Monday, June 30, 2014

Today. I Want To Die...

I haven't actually seriously wanted to kill myself in a long time.

Right now would be perfect: my roommate is gone, everyone is in bed/at home because of curfew...I'm totally alone.

I could just cut my wrists. Take even more of the meds I shouldn't take (I've already taken 5x the amount I should.) I could hang myself. Stab myself. Drink some bleach. Run in front of a car. I want to do it all.

I'm sick of struggling. I'm sick of being alone and having to deal with this by myself. I'm sick of hurting.

I just want it all to end. What do I have to do for that to happen?

At this point...I'll do anything.

Wednesday, June 18, 2014

What's Self-Esteem?

I don't have any self esteem. I knew I had low self-esteem but I find myself looking at my actions and realizing...I don't think highly of myself at all.

My Condo in the Friend Zone

Well, it's definitely been awhile since I've written. I really need to be better about this. I'm going to work on it!!

This past week has been really hard. The past couple of weeks actually. School is tough and I haven't been feeling well but on top of that there is this whole dating thing that I fail at. I know that I shouldn't worry about it and I'll find someone when I find them but it still sucks to never get asked out...ever. Especially here at school where everyone is getting married left and right and I have friends who have multiple dates a day, multiple days a week.
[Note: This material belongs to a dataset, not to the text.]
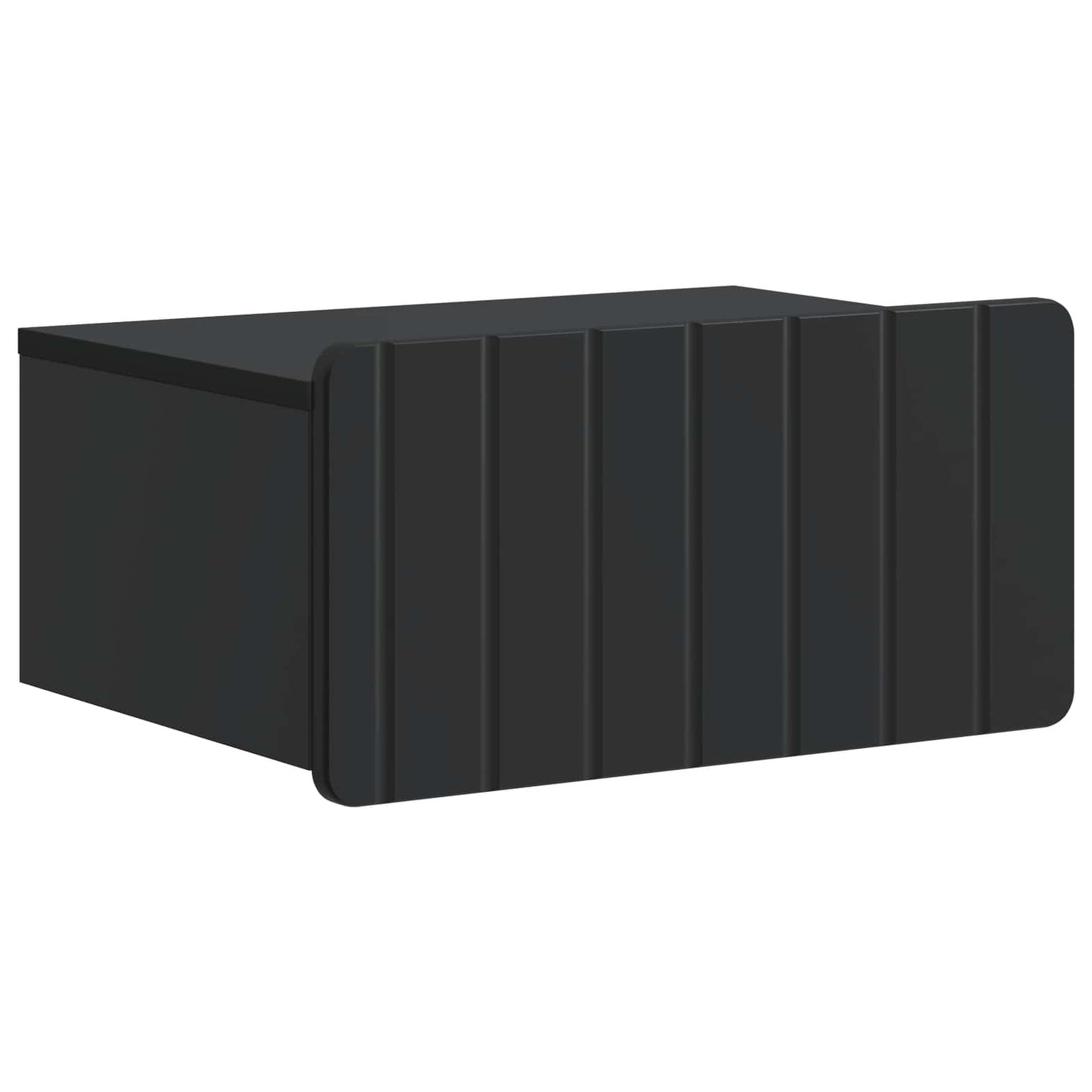 Væghængt Natbord 2 stk. Sort 49 x 34,5 x 24 cm Konstrueret træ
So I started liking these two guys and I couldn't decide which one I like more. They are both so charming and handsome and so much fun to be around. I seriously couldn't decide.

Well one of them decides to go and get himself a girlfriend. Well that made the choice easier. Or so I thought...

I talked to the other kid and told him I liked him and well...the title of this post can give you some insight into how that went.

It isn't a big deal. I mean you like who you like and you don't like who you don't like. I can't change anyone's mind. He knows how I feel and we're still friends so life is good. The best part about the whole thing is after I told him I said "I guess I'll just keep enjoying my condo in the friend zone." He replies with "Well at least you have a good view!" Haha so funny and so true. How can you be upset after a comment like that?

Well obviously things aren't going anywhere with that kid but that's alright because honestly...I think I like the other kid more. I know he has a girlfriend and that is a line I will NEVER cross but what if he didn't...

So many times I find myself wanting him to break up with her so that he can date me. It doesn't make anything better that a lot of people tell me that they think he likes me. But it's so confusing because he has this girl in his life and he really cares about her so how can he like me at the same time?

I tell myself that I don't really like him but every time I see him I just smile like an idiot...I can't help it!! *sigh* why couldn't I have gotten to know him at the beginning of the semester instead of a month into it!? Things could be so much different! He's even hinted at that... My life<<<<

It sucks even more that neither of them is going to be here next semester. :[

Just my luck. Whatever though. I have my condo and I have an EXCELLENT view. So I can't be that upset, right?